Please count the lines below that contain the word "sexy", and reply with that number alone.

^^^^^^^^

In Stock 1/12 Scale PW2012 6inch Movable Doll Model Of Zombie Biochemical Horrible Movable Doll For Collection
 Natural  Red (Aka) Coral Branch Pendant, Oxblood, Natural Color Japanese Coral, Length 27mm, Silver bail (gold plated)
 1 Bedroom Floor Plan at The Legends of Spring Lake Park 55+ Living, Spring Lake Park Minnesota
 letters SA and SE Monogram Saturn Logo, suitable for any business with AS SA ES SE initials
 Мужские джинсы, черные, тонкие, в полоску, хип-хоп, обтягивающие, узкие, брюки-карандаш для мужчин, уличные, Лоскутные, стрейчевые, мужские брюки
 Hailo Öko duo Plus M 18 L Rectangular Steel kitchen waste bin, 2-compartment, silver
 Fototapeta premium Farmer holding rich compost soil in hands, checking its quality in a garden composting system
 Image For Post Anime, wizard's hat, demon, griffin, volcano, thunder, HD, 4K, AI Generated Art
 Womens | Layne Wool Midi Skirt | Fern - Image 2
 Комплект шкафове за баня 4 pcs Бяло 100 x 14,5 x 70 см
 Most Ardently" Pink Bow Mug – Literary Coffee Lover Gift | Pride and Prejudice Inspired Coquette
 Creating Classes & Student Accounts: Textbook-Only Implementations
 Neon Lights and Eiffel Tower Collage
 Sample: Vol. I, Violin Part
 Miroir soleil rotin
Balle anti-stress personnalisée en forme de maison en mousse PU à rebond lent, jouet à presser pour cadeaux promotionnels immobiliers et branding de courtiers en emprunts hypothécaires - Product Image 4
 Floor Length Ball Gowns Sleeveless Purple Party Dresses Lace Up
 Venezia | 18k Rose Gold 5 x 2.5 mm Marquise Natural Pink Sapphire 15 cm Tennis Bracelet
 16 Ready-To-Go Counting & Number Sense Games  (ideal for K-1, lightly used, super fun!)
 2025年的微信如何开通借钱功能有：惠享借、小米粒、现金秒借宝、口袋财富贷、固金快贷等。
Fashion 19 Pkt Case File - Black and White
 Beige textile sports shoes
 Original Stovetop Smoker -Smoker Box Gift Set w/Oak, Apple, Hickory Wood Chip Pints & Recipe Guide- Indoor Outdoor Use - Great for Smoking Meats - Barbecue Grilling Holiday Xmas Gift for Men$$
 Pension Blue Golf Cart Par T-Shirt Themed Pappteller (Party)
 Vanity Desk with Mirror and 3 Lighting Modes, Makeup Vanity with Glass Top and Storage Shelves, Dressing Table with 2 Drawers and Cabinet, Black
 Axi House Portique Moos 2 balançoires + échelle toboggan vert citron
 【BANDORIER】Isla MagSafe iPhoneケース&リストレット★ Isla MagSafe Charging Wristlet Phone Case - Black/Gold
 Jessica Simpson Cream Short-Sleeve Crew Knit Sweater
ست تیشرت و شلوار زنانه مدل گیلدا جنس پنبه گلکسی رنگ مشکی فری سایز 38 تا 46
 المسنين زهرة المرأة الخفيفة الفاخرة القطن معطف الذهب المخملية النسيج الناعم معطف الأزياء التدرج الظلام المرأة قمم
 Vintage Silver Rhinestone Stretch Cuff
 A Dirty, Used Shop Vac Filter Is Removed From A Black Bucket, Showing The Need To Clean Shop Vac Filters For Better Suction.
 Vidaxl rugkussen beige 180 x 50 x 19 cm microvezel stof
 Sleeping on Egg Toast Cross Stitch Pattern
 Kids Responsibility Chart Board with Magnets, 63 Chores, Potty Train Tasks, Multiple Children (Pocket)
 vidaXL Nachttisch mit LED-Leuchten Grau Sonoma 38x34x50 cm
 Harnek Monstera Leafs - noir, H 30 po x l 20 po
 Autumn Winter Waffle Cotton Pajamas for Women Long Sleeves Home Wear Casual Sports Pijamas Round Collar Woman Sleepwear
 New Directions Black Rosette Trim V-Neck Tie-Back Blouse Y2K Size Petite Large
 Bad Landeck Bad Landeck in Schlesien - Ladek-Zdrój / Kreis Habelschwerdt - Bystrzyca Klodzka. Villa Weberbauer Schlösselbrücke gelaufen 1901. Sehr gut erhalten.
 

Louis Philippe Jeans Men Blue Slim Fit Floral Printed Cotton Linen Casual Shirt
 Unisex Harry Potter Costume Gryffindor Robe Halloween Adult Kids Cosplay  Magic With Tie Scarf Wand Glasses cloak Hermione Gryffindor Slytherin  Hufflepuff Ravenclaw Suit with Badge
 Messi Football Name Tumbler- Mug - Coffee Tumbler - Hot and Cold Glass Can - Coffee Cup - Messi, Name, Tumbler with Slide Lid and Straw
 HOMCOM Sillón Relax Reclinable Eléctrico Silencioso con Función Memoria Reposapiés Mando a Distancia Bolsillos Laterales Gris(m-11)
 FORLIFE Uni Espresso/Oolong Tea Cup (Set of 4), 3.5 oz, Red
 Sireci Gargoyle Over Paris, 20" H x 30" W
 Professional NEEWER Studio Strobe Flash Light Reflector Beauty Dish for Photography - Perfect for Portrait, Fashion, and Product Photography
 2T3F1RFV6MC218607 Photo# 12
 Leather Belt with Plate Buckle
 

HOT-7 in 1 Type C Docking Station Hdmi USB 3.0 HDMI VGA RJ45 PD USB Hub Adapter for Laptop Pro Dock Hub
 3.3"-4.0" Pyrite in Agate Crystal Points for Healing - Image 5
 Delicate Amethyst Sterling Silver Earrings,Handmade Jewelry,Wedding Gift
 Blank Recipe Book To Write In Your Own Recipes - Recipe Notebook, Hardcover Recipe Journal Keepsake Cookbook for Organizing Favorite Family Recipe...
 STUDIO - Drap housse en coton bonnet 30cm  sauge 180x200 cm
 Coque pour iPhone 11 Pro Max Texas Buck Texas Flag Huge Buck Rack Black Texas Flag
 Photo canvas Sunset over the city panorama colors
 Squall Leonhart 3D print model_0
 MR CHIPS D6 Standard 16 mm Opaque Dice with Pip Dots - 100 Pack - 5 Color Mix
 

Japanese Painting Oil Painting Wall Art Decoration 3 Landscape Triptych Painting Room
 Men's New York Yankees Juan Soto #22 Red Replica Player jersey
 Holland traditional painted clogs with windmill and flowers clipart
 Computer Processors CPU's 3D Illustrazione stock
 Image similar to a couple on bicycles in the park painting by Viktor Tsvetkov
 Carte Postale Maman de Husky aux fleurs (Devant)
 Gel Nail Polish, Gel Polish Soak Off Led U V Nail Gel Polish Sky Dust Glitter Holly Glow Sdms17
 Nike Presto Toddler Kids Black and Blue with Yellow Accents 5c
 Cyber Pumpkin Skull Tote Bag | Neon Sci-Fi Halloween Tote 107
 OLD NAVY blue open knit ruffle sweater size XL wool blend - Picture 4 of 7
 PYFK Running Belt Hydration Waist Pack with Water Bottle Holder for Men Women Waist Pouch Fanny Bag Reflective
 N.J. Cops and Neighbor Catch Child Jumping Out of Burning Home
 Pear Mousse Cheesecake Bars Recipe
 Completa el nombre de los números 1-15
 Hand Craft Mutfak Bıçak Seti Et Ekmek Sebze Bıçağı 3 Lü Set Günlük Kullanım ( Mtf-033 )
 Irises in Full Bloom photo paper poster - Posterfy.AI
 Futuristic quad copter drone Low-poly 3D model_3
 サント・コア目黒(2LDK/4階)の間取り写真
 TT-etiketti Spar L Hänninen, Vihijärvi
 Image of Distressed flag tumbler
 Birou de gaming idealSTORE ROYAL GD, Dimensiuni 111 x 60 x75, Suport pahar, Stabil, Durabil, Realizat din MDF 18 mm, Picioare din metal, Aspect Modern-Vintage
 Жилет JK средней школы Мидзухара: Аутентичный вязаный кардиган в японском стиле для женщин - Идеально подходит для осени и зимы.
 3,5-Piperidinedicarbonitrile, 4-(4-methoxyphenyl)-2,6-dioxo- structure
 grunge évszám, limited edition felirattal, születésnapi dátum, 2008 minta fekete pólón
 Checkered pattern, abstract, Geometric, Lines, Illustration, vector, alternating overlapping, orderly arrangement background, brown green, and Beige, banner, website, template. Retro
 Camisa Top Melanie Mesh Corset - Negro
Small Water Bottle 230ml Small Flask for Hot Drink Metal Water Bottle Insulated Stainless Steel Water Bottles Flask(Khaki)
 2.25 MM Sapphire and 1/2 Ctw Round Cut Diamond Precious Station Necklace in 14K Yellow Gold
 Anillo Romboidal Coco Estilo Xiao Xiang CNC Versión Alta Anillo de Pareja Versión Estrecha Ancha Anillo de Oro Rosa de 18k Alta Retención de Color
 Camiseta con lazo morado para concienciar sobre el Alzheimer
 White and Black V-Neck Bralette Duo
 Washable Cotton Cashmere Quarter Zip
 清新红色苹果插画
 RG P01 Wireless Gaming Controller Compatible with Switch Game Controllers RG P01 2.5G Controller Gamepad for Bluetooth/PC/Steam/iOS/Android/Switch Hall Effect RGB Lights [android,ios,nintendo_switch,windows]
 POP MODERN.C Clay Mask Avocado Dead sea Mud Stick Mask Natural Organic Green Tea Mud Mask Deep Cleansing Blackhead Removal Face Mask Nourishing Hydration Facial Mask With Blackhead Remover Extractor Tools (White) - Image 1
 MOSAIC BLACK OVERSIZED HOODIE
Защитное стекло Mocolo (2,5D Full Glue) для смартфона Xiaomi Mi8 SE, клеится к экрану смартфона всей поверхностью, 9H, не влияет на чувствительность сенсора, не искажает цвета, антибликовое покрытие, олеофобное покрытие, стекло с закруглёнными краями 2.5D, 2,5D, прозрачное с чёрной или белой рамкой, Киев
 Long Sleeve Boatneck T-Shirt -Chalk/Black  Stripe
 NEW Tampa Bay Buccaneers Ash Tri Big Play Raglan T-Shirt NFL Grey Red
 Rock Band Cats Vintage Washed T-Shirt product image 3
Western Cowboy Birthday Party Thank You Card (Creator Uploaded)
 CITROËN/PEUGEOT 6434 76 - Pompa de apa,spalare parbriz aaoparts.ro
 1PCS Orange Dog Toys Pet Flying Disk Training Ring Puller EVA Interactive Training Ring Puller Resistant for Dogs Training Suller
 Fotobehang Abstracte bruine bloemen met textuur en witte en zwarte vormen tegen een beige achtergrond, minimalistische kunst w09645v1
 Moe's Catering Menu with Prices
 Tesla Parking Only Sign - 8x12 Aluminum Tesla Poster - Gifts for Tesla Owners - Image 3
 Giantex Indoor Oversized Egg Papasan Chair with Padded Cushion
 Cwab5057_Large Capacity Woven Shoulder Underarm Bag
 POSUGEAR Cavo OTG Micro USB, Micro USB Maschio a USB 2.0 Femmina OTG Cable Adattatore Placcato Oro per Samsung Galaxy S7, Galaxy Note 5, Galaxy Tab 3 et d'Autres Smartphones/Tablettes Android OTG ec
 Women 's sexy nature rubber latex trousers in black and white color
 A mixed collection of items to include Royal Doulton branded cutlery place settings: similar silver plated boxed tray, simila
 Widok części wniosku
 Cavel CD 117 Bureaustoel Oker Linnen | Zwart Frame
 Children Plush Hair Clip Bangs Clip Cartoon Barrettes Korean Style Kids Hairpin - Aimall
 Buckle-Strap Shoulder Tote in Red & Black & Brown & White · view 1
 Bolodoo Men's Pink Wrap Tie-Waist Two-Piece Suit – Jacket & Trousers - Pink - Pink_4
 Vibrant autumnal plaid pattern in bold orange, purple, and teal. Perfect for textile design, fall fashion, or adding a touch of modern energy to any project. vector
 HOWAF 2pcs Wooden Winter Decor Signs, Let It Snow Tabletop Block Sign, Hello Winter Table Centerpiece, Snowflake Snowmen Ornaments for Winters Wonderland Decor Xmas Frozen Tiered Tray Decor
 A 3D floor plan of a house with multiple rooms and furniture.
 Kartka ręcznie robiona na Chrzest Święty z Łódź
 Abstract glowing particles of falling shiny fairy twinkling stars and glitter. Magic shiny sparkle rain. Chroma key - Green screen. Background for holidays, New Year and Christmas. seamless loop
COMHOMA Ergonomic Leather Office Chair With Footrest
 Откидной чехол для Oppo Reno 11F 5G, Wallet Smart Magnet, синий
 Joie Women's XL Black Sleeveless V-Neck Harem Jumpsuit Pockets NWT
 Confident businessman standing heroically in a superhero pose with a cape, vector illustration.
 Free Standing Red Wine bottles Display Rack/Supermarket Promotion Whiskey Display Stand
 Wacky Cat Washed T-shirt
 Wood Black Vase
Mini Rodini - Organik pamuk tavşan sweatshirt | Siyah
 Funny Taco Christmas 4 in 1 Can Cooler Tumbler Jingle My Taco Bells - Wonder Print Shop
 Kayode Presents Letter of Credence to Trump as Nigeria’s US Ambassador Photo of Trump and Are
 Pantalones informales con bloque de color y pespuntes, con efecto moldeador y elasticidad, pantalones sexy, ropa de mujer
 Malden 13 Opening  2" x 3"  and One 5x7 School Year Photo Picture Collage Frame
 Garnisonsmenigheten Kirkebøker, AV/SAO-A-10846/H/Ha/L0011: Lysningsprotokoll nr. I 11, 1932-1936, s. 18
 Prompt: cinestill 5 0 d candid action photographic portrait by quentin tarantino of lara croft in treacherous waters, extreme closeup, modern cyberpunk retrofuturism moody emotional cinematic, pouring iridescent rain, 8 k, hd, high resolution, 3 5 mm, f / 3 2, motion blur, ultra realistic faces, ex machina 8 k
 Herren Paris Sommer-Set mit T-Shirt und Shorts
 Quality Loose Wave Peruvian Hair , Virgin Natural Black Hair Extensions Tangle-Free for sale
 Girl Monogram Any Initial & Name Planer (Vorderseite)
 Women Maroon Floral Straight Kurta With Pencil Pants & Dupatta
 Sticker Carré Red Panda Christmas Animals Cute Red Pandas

^^^^^^^^

◆ Your response
2